4.   In making his probable cause determination, the magistrate must rely on accurate information.   False or misleading statements in the affidavit may invalidate a search warrant.  State v. Little, 560 S.W.2d 403, 407 (Tenn.1978).   In Little, our supreme court held thatthere are two circumstances that authorize the impeachment of an affidavit sufficient on its face, (1) a false statement made with intent to deceive the Court, whether material or immaterial to the issue of probable cause, and (2) a false statement, essential to the establishment of probable cause, recklessly made.Id. at 407.   In addition, the court held, “Recklessness may be established by showing that a statement was false when made and that affiant did not have reasonable grounds for believing it, at that time.”   Id. In order to be “essential to the establishment of probable cause,” the false statement must be the only basis for probable cause or if not, the other bases, standing alone, must not be sufficient to establish probable cause.  State v.
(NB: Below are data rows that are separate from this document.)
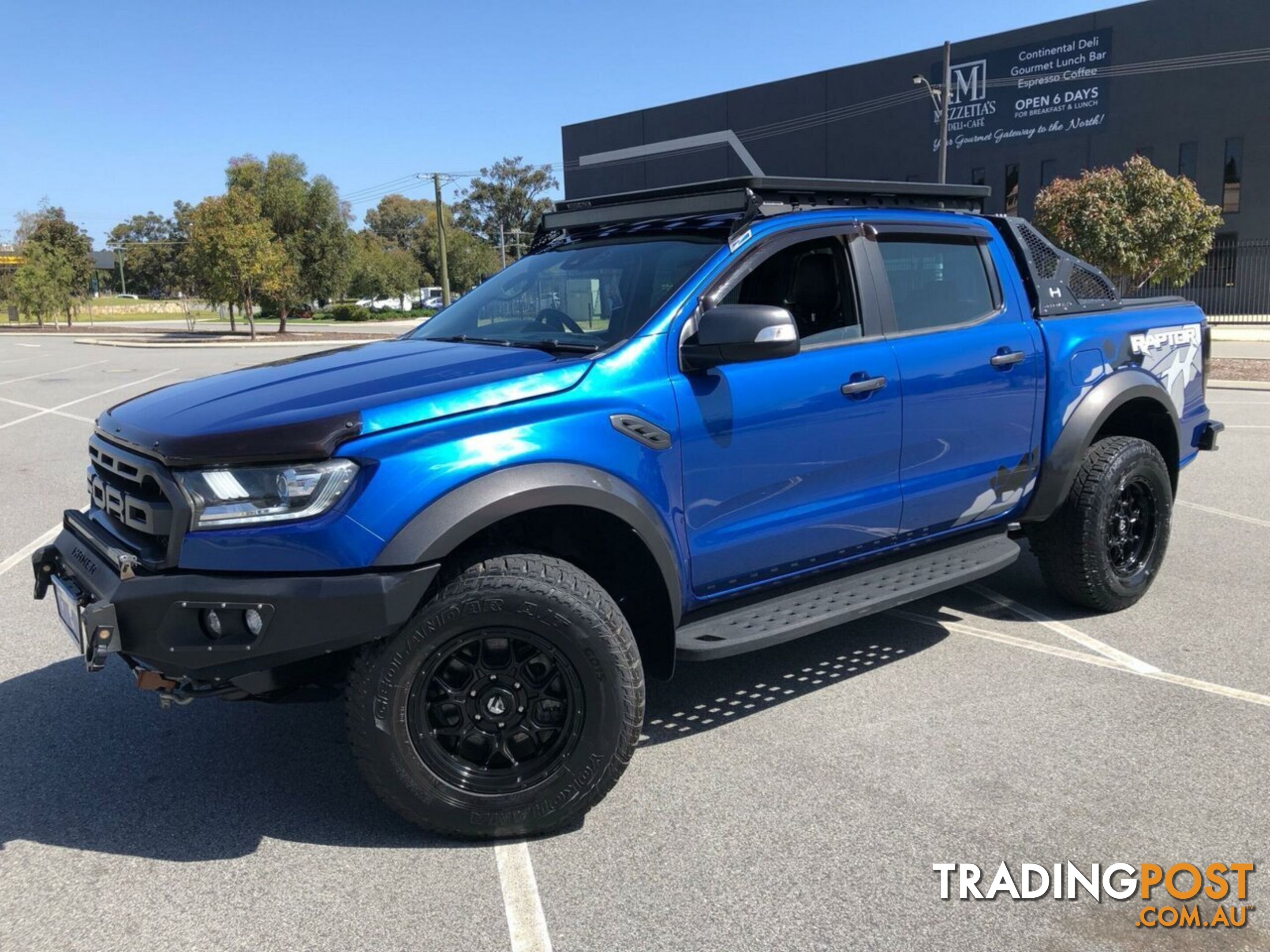 2018 FORD RANGER RAPTOR PX MKIII 2019.00MY DOUBLE CAB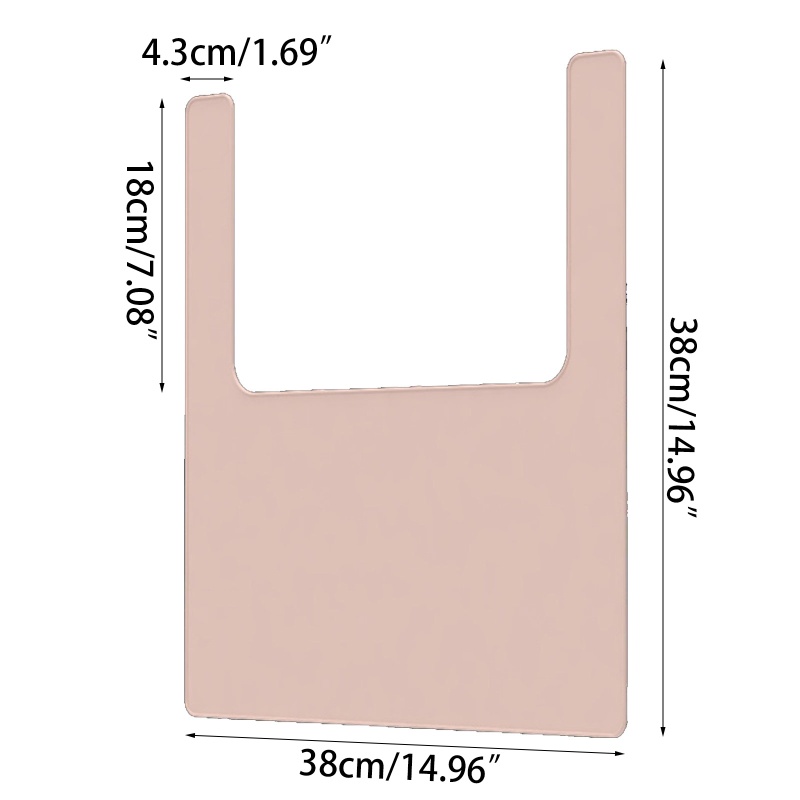 Tấm Lót Bàn Ăn Bằng Silicone Không BPA Chống Thấm Nước Chống Dầu Kích Thước Nhỏ Gọn Dành Cho Trẻ Em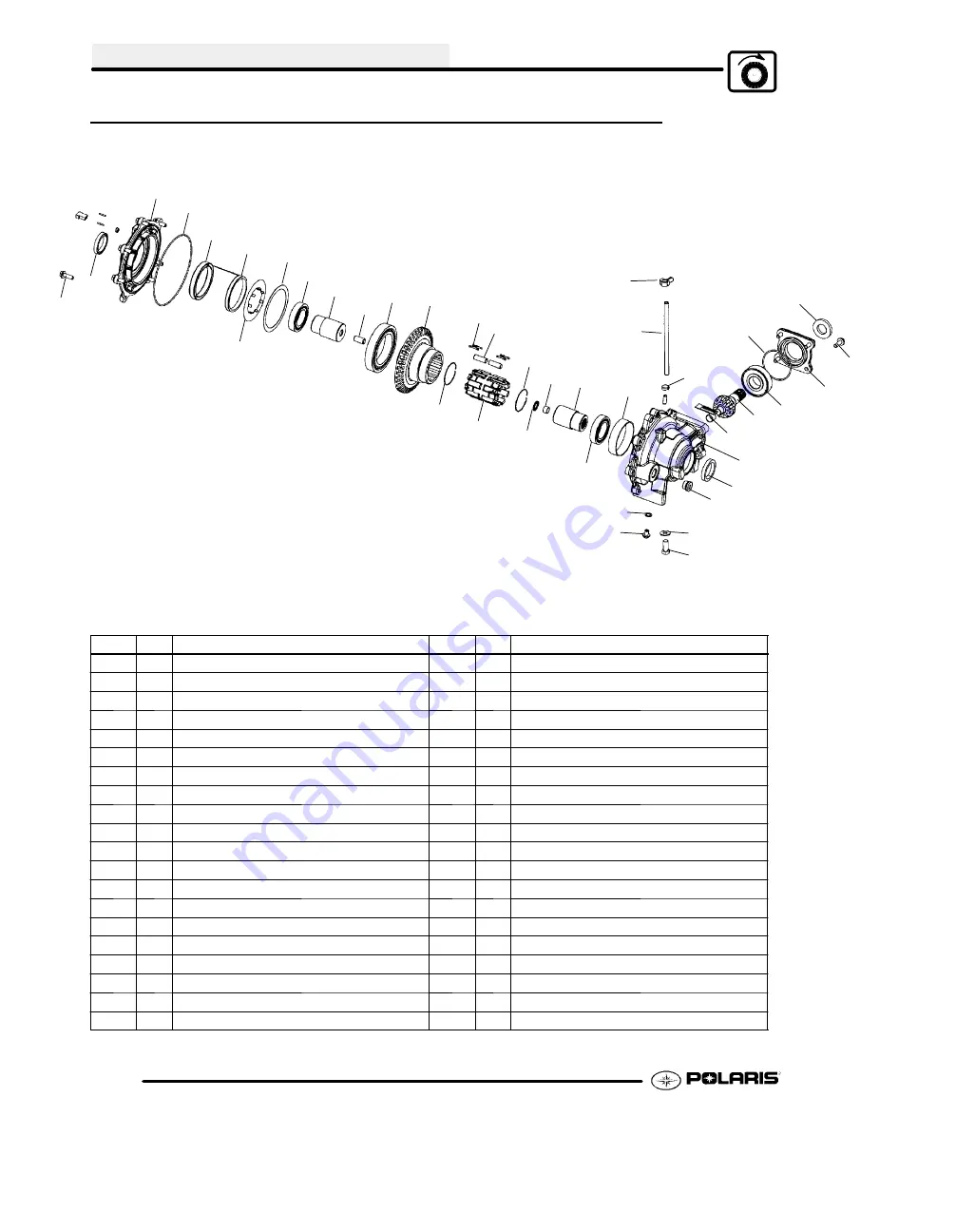 Polaris 600 Dragon SP Service Manual Download Page 188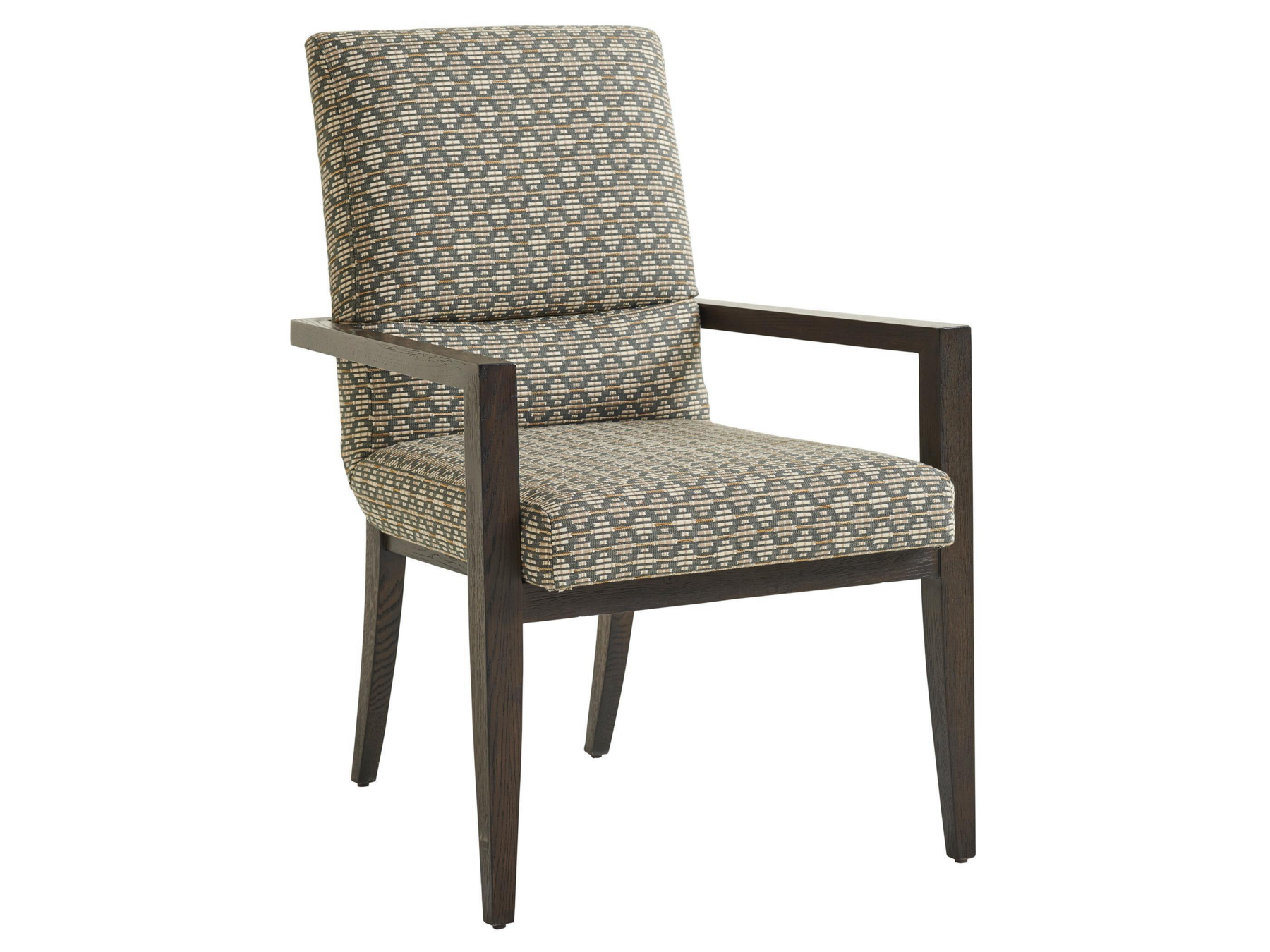 Glenwild Upholstered Dining Chair - With Arm, Canyon, Customizable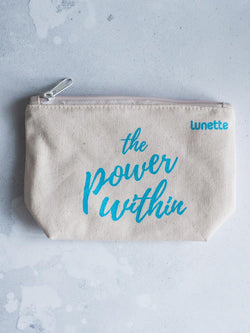 Cotton pouch - Lunette Global English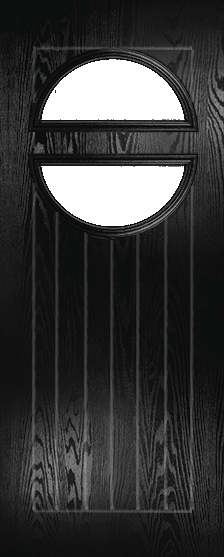 Farmhouse Olympic in Black, fitted in Stanley.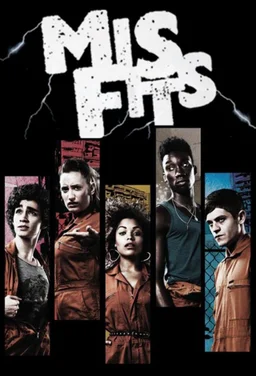 Poster for Misfits - Season 2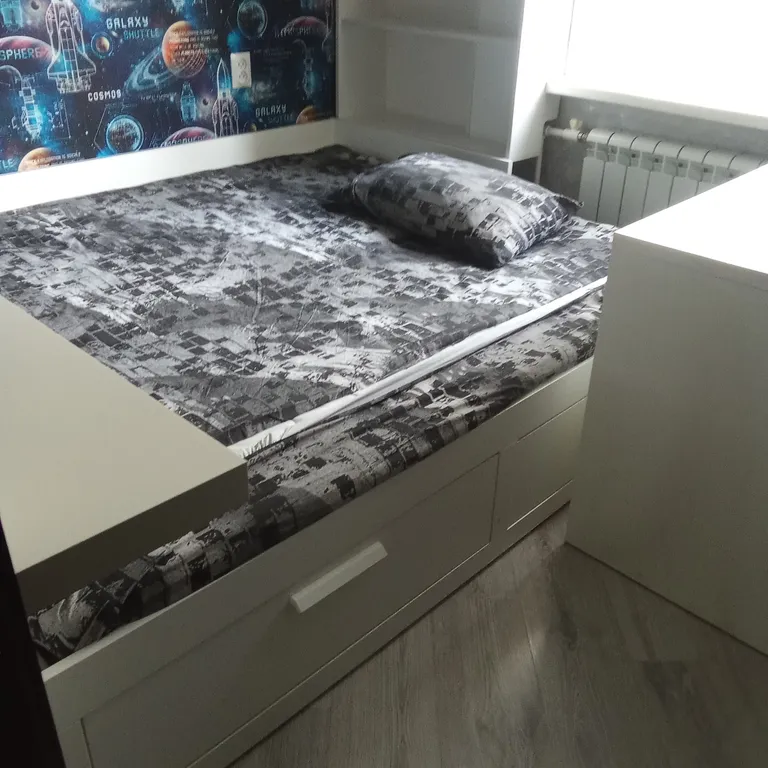 Квартира Уютная квартира в спальном районе города — Аша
Tidmore, 604 S.W.2d 879, 882 (Tenn.Crim.App.1980).   The evidence presented at the suppression hearing indicates that the affidavit contained reckless and misleading statements concerning the deputy's training in thermal imaging surveillance, the timely significance of the blacked-out windows, the significance of the electrical usage, the inculpative nature of follow-up thermal imaging scans, and whether anyone occupied the basement level of Norris's house.Had the trial court reviewed whether the affidavit established probable cause without the tainted allegations, we would be inclined to do likewise.   See Tidmore, 604 S.W.2d at 882.   However, appellate review of certified questions of law is “limited to those [issues] passed upon by the trial judge.”  State v. Preston, 759 S.W.2d 647, 650 (Tenn.1988).   For this reason, we consider the affidavit in its totality, including allegations which the record shows to be misleading.

1.   This court has in fact previously entertained an appeal as of right for a defendant who was convicted at a jury trial and placed on judicial diversion.   See State v. Stephanie Y. Dowagiac, C.C.A. No. 02C01-9610-CR-00353, Shelby County, 1997 WL 627633 (Tenn.Crim.App. filed October 13, 1997, at Jackson) (defendant challenged sufficiency of the evidence).

2.   As stated in footnote 1, this court has previously entertained such an appeal as of right.

3.   Tenn.Code Ann. § 40-11-130(b) requires a defendant on “post-plea diversion,” which is another name for judicial diversion, to post bond upon an appeal to this court.   Defendants on “post-plea diversion” are placed in the same category as defendants on pre-trial diversion, community corrections, probation and defendants who are fined.   Id. Implicitly, this statute recognizes the same right to appeal by all such defendants.

WITT, J., delivered the opinion of the court, in which WOODALL, J., joined.

RILEY, J., filed a separate opinion concurring in part and dissenting in part.